From: "Nance (PHM)" <nance-phm at netpratique.fr>

Allow me an input. It is important that PHA gets involved in these
debates on issues.
I found the "economics" of the piece very problematic. The text below is
what I had
prepared to send prior to George Kent's remarks and since I continue to
be in disagreement even after your corrections, here is what I would
like to say:

Point Number 2:
Seems to me that experts in the WTO  like Susan George have proved
beyond a doubt how the WTO is a dictatorial supranational instrument in
the hand of corporations.
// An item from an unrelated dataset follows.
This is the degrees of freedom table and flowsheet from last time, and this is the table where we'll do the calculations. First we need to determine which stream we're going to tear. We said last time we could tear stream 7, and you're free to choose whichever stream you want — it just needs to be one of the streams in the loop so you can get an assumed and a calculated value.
I don't think we can dismiss it lightly, and
PHM would break away from the main body of resistance to WTO to big
business dictatorship as it did in Porto Allegre's World Social Forum.
That was not the main sentiment in the PHM Assembly in Cuenca.

Point number 3
The assumption that lifting trade barriers would eliminate poverty is
the argument of Chancellor Gordon Brown and part of Oxfam- It is
vehemently opposed by all those who have studied the question a little.
Removing trade barriers is like eliminating a fence between the lion den
and the sheep enclosure: it means freedom for the rich country- or
rather their rich corporation, to eat the poorer weaker one.
At the UN, I  witnessed an Ivory Coast food producer who
challenged a Vice president of the
World Bank, noting that it is NOT true that opening the barriers of the rich
would work for the poor: simply because large monopolies have control over
South to North trade and small and medium size producers are excluded.
Furthermore, this type of S-N trade is also used to kill working people
in the OECD.

Point number 4:
 "Eradicating protectionist barriers may be one of the
best ways to put food on the tables of poor people."
This is another fundamental liar peddled by mainstream economist, as a
matter of fact, this sentence can be found - exactly as it is- in most
World Development Report of the World Bank, the kind of report which
proposes that poor countries of Africa eliminate all protectionism, and
we have seen the result in the collapse of food production domestically
from Kenya to Zambia.
People should read the Corean économist book: "Kicking away the ladder".

N.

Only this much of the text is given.